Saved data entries
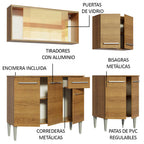 Cocina Compacta 169 cm 9 Puertas 1 Cajón Marrón Emilly Madesa 04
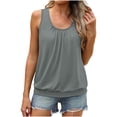 thumbnail image 2 of Weiqiqre T-Shirts pour Femmes Débardeurs d'Été Coupe Ample Plissés Col Rond Chandails Décontractés Sans Manches Bas à Bande, 2 of 7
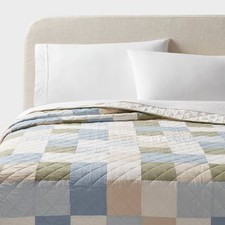 Full/Queen Pieced Patchwork Quilt Blue/Ivory/Green - Threshold: Cotton Fabric,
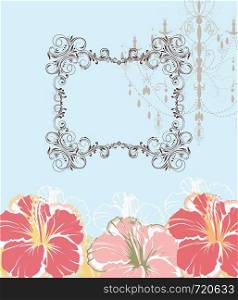 Vintage invitation card with ornate elegant retro abstract floral design, pink and light red flowers on light blue background with chandelier and frame border text label. Vector illustration.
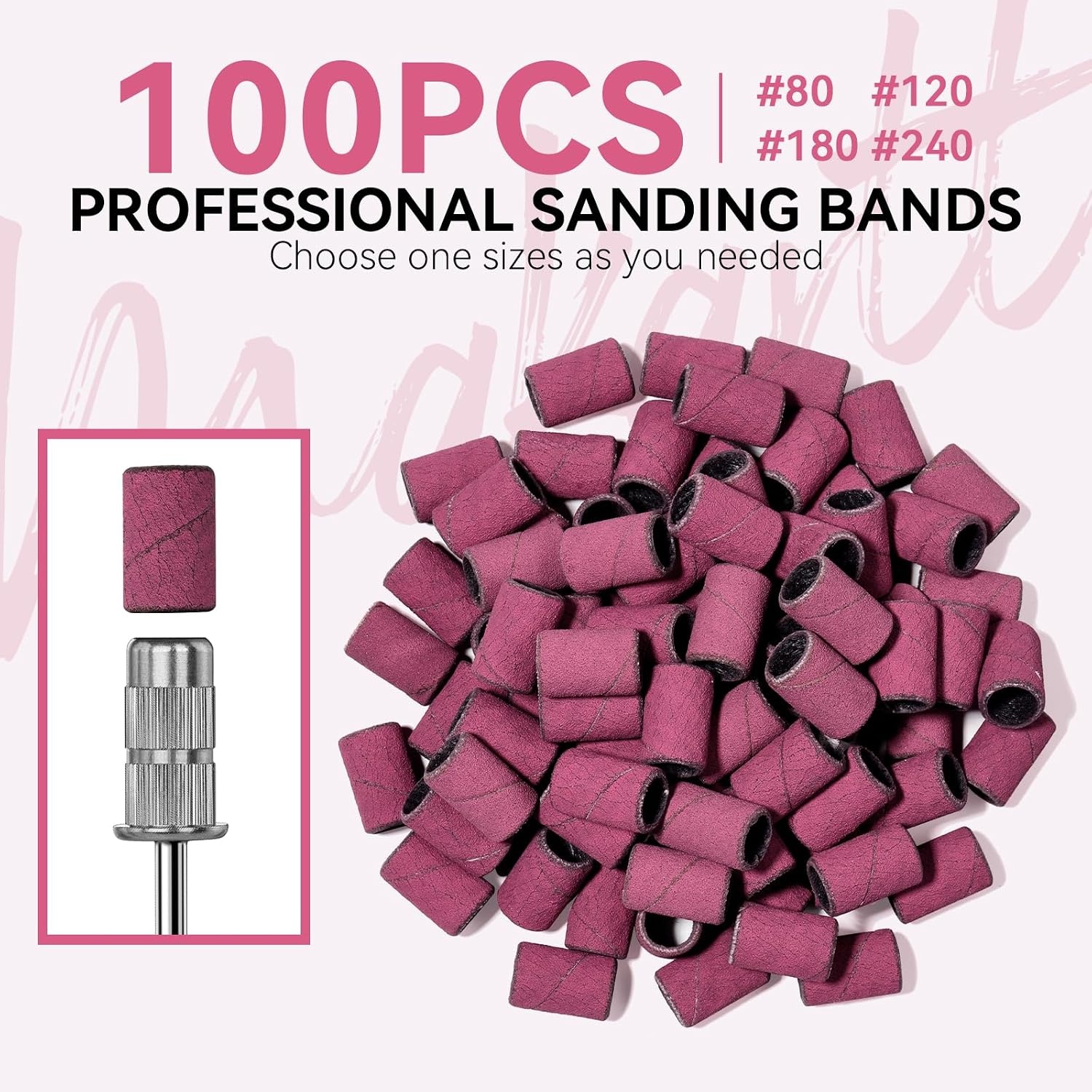 image:imageMakartt Sanding Bands for Nail Drill 100 Pcs Nail File Sanding Bands for Drill Bits 120 Medium Grits for Acrylic Nails Gel Removing and Shaping Upgrade Thicker Durable Sanding Drill Bit PinkPink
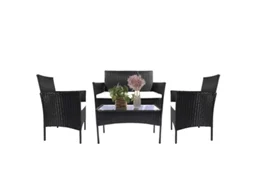 Conjunto De Mobiliário De Jardim Em Vime Racingreat Preto (2 Poltronas 1 Sofá De Assento Duplo 1 Mesa)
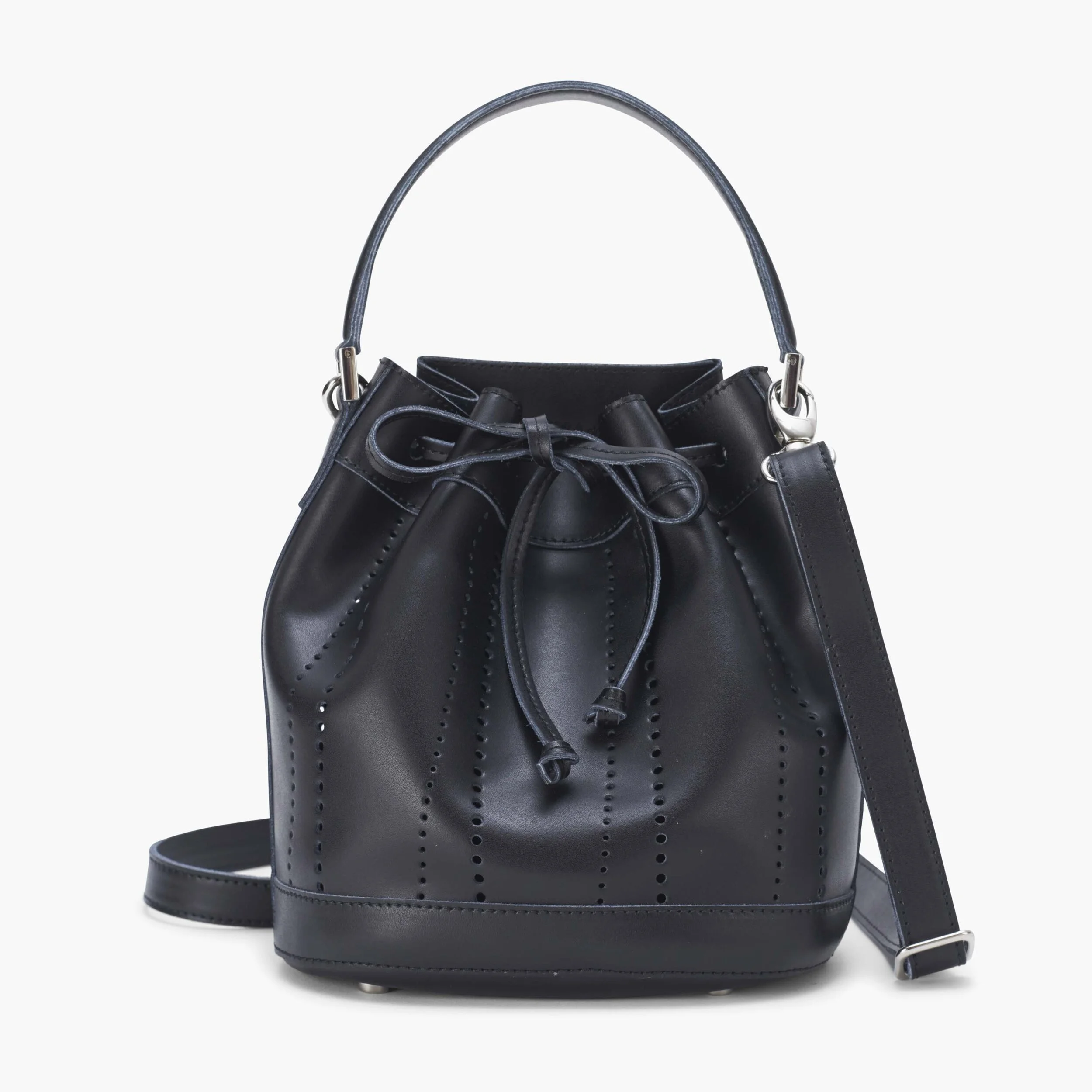 leather bucket bag black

● **Problem to solve**
Restate the data word for word from its first line through the line with "Vintage invitation card", leaving out any picture along the way.

● **Expected answer**
 Cocina Compacta 169 cm 9 Puertas 1 Cajón Marrón Emilly Madesa 04
 thumbnail image 2 of Weiqiqre T-Shirts pour Femmes Débardeurs d'Été Coupe Ample Plissés Col Rond Chandails Décontractés Sans Manches Bas à Bande, 2 of 7
 Full/Queen Pieced Patchwork Quilt Blue/Ivory/Green - Threshold: Cotton Fabric,
 Vintage invitation card with ornate elegant retro abstract floral design, pink and light red flowers on light blue background with chandelier and frame border text label. Vector illustration.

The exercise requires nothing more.